I'm thirty-thousand words into my ghostwriting project-which is awesome. And I'm not entirely certain what my next thirty-thousand will be-which is downright terrifying and not-so-awesome for a plotter-girl like me. So I turned to my paperwork: conference worksheets, notes from a thousand Saturdays ago when I had an epiphany at a chapter meeting, online workshop materials, initial brainstorm lists, secondary brainstorm lists, brainstorm lists about the brainstorm lists (I wish I was kidding about this, but I'm not). In  this archaeological dig through my writing archives, I discovered four small slips of paper, each with the letterhead from the Peabody in Memphis, Tennessee. From the first writing conference I attended eleven years ago, each contains something I thought important enough to commit to paper. Promise me you won't laugh. Promise.

Peabody Nugget Number One:
Smoke from the steam engine encircled her as if she were an apparition emerging from a fog. She glanced from at each passerby with a renewed energy that would quickly wane in the disappointment from the lines of her eyes. Until one man emerged who stoked the fire and kept the russet flecks in her eyes ignited.
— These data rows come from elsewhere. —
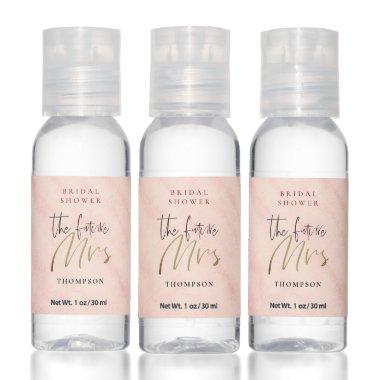 Future Mrs Name Peach Coral Bridal Shower Favor Hand Sanitizer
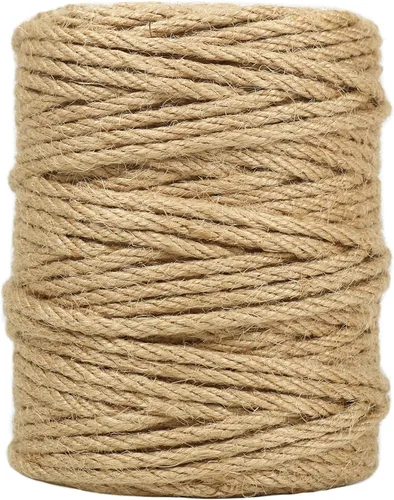 Vista 9 de Tenn Well Cuerda de yute natural fuerte, 0.157 in de grosor y 66 pies de largo, rollo de cuerda de yute para jardín, artes y manualidades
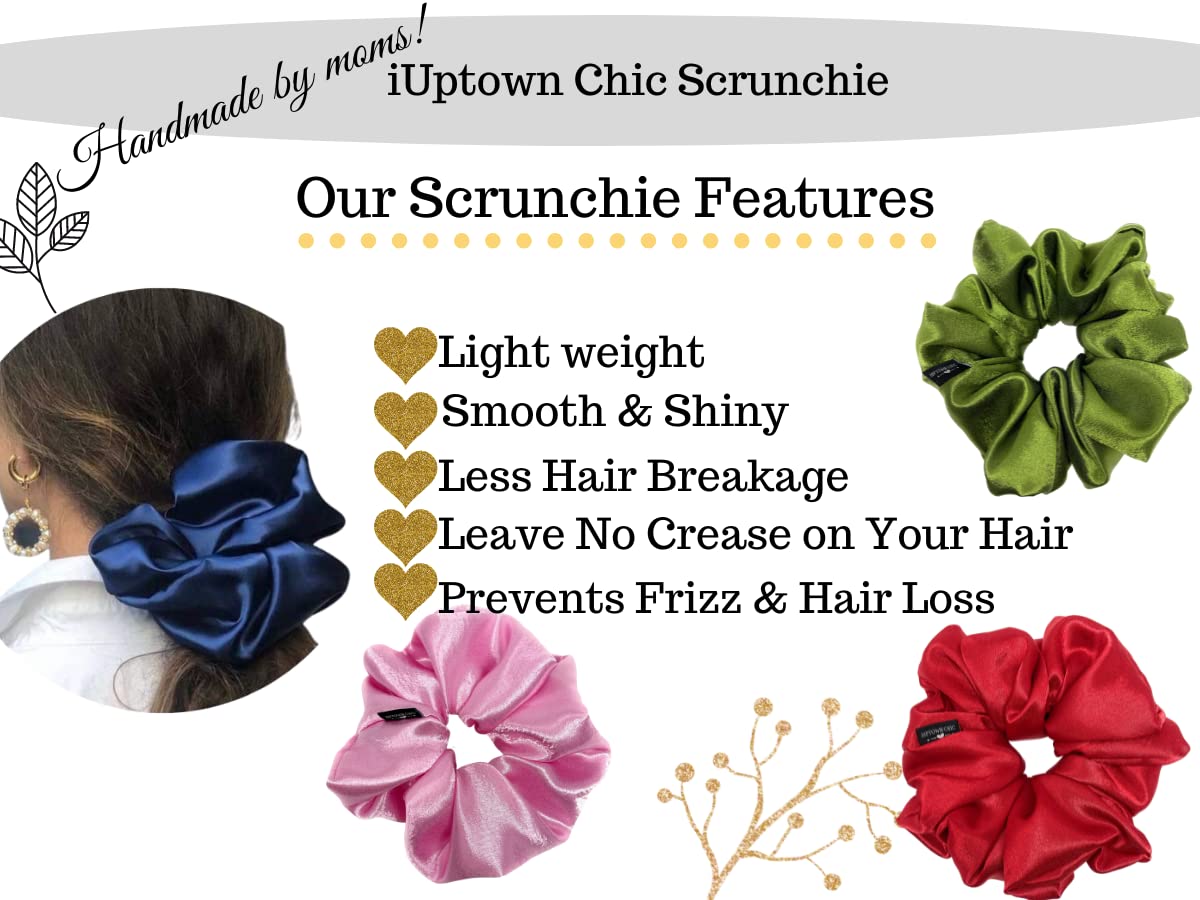 Iuptown Chic Jumbo Satin Scrunchies – Oversized Gold Hair Ties for Women & Girls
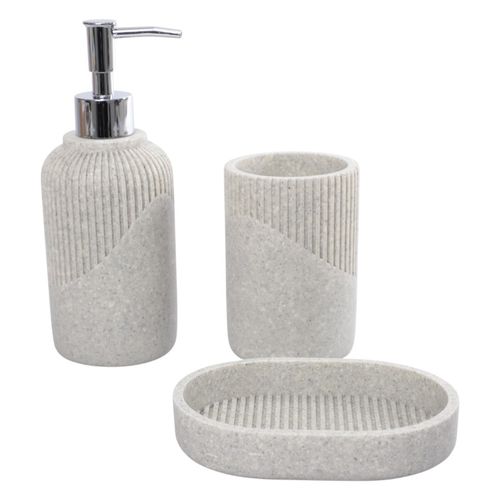 Set de 3 piezas de poliresina con textura para baño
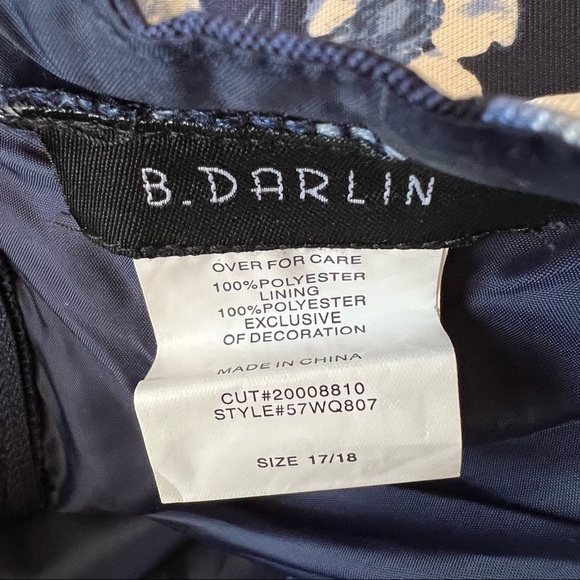 B. Darlin Spaghetti Strap Lace Bra-Back Floral Print Satin Fit-and-Flare Dress - Picture 6 of 10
Wow. I don't even know where to start. This chick is obviously in close proximity to a live train, but the point of view is schizophrenic at best. My metal-filled molars are screaming at the prospect of biting down on this hunk of foil. I'm pretty sure I loaded up at the romance buffet line that morning, with heaping piles of hotcakes and I-can't-believe-Fabio-isn't-here butter and purged it that evening all over this poor, unsuspecting note pad.

Peabody Nugget Number Two:
He'd never have noticed her, so ordinary was she, had the woman not drawn attention to herself by stumbling down the passenger car steps, creating a domino effect of passengers lying in a heap among luggage and stray accessories. She flipped her bonnet away from her forehead and glared back at the steps as if they'd awakened for her the sole purpose of her embarrassment and grabbed her a foot.

So I had trains on the brain for this conference. Sue me. The only redeeming thing here is that the heroine took a major digger off the platform. And that the hero was there to witness it and find amusement. Tripping is funny, people. Any way you slice it.

Peabody Nugget Number Three:
"A dramatic moment calls for an economy of words." -LaVyrle Spencer

Now this is a nugget worth remembering. Well worth the sacrificial pulp and ink. That it is attributed to one of my favorite romance authors is even better.

Peabody Nugget Number Four:
The worst blizzard Betty had seen in 3 decades slammed into the valley, ushering smothering the vally w/ a lacy white blanket of snow.

Betty lit a solitary candle. The flame dancinged in response to her heavy sigh, mirroring the pre-dawn dreariness just beyond the window. She glanced at the lifeless phone, then the light switch before her eyelids dropped with heaviness.

Poor Betty. No really. She's trapped in a cliché-storm where the earth's gravitational pull is conspiring against her and she has a telekinetic gift of which she is, apparently, unaware.


Why do I share these, you ask? Life has a way of sending messages when we most need to hear them. I needed to see these today to remind myself how far I have come as a writer. A gift of perspective not everyone gets.

I wish I could say I remember writing these Peabody nuggets. I don't. I remember the duck parade with more clarity. Yesterday, I reread chapter one from my current project. I don't remember writing much of that, either. Writing is a strange beast. It hijacks the mind and turns the body into a conduit for truth. Somewhere in this hijacked landscape waits a klutz, a house-bound frau, and a siren with red-flecked eyes who is sure to become someone's desire. Maybe one of them will step forward in my next thirty-thousand. Maybe not. For today I am thankful for the reminder.

What message did life send you today?